Critics have suggested the Treasury's "Brexit" calculation demonstrates that the department has no real ambition to see radical reductions in net migration. In the year to September 2014, net migration to the UK was 323,000, according to the Office for National Statistics.
Last month the Office for Budget Responsibility (OBR) said that "net international migration to the UK is an important driver of the economy's underlying growth potential" and leads to a higher employment rate and lower dependency ratio (the number of children and elderly compared to the total population).
The OBR's central budget projection assumes net migration of 185,000 by 2021 (they clearly think it unlikely the government will be able to get net migration down to the levels they promised), and it is this modelling that was included in the Treasury report on the costs of leaving the EU.
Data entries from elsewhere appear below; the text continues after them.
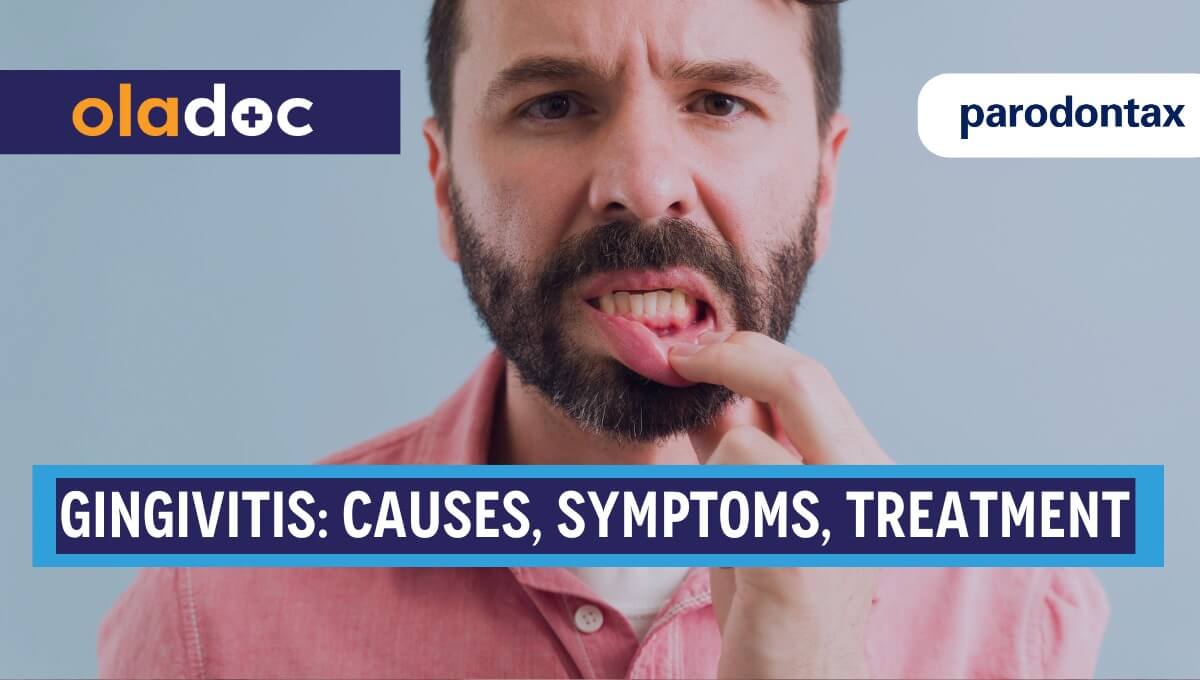 Understanding Gingivitis: A Comprehensive Guide for Gum Health thumbnail
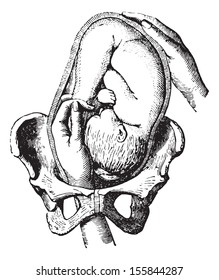 External cephalic version, How to make the feet so as to fondle the child on its previous plan, vintage engraved illustration. Usual Medicine Dictionary by Dr Labarthe - 1885.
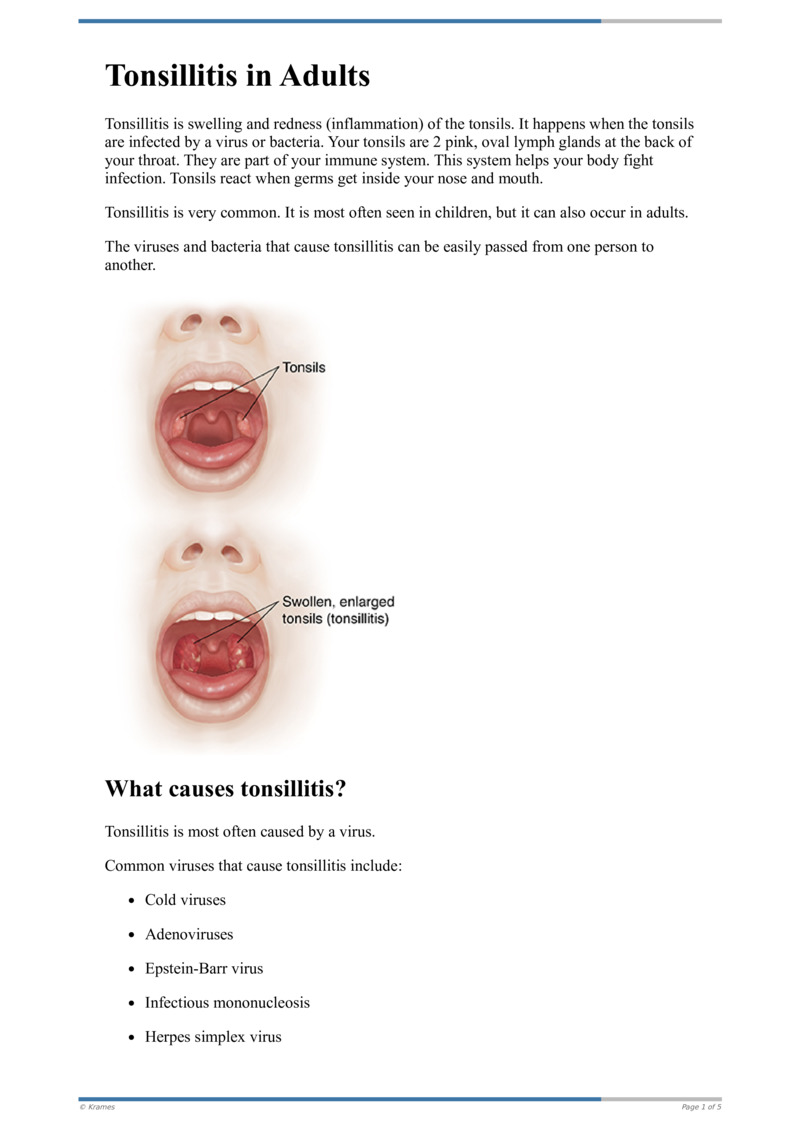 Poster image for "Tonsillitis in Adults"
The OBR also looked at higher and lower migration scenarios. A "zero net migration" model, it suggests, would lead to GDP 1.9% lower than currently projected and a fall in house prices of 3%, while a higher net figure of 265,000 by 2012 would see GDP 0.8% higher and house prices up an additional 1.3%.
While the OBR assumes that net migration has a positive impact on the economy in the medium-term, those wanting to leave the EU argue that controlling our borders and reducing immigration would be in Britain's long-term interests.
"At the moment any EU citizen can come to the UK to settle, work, claim benefits and use the NHS," leave supporter Michael Gove said at a Leave campaign event today. "We have no proper control over whether that individual's presence here is economically beneficial, conducive to the public good or in our national interest."
The pressure group Migration Watch argues that the effect of immigration on the UK economy is "essentially negligible" and claims there is broad agreement that it harms the earnings of the most poorly paid UK-born members of the labour force.
The OBR also makes the point that looking ahead 50 years, immigrants arriving now would add to age-related spending pressures. "Higher migration could be seen as delaying some of the fiscal challenges of an ageing population rather than a way of resolving them permanently", it argues.
Nevertheless, it is surprising that the Treasury's calculations don't engage with the immigration debate, given its centrality in the leave campaign's argument. Many economists argue that Vote Leave's aim to reduce net migration from the EU following "Brexit" would have a negative impact on economic growth, at least in the short term.
It is likely those making the pro-EU case would rather the referendum debate was focused on household incomes rather than immigration and that may be why the impact of changes to net migration was curiously lacking from yesterday's Treasury report.